··· Available data

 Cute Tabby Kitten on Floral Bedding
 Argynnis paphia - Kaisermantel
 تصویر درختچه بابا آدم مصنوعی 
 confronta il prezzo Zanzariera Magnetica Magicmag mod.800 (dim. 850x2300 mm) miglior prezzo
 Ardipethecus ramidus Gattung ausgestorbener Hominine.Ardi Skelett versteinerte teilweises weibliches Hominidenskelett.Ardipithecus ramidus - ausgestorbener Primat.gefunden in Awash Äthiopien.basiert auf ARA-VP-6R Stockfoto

······
··· Available data

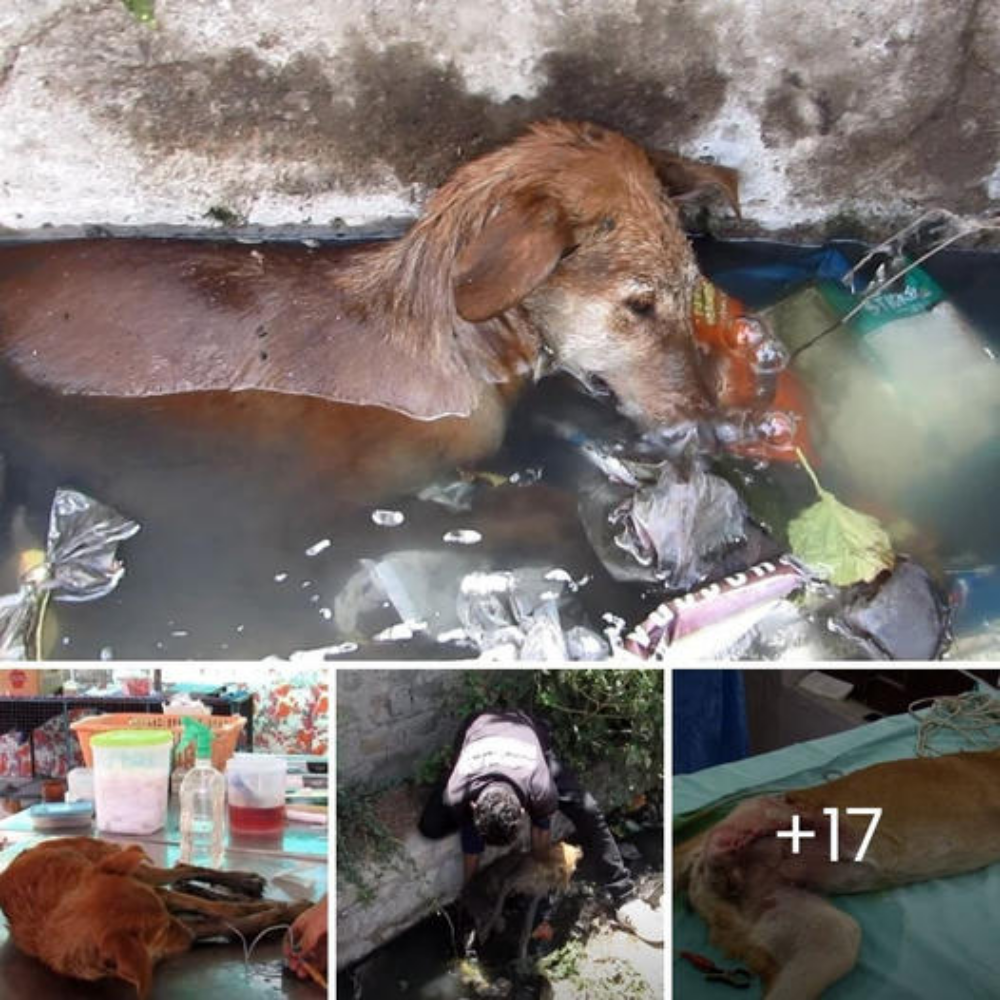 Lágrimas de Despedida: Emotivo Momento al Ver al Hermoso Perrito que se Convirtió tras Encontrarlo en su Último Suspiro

······
··· Available data

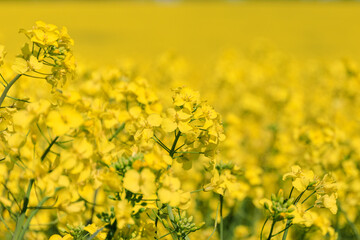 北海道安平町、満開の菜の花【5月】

······

▶ **Exercise instructions**
Exactly the lines above from the one with "Cute Tabby Kitten on Floral Bedding" to the one with "Ardipethecus ramidus Gattung", both included, are to be quoted; leave the rest out.

▶ **Result for this exercise**
 Cute Tabby Kitten on Floral Bedding
 Argynnis paphia - Kaisermantel
 تصویر درختچه بابا آدم مصنوعی 
 confronta il prezzo Zanzariera Magnetica Magicmag mod.800 (dim. 850x2300 mm) miglior prezzo
 Ardipethecus ramidus Gattung ausgestorbener Hominine.Ardi Skelett versteinerte teilweises weibliches Hominidenskelett.Ardipithecus ramidus - ausgestorbener Primat.gefunden in Awash Äthiopien.basiert auf ARA-VP-6R Stockfoto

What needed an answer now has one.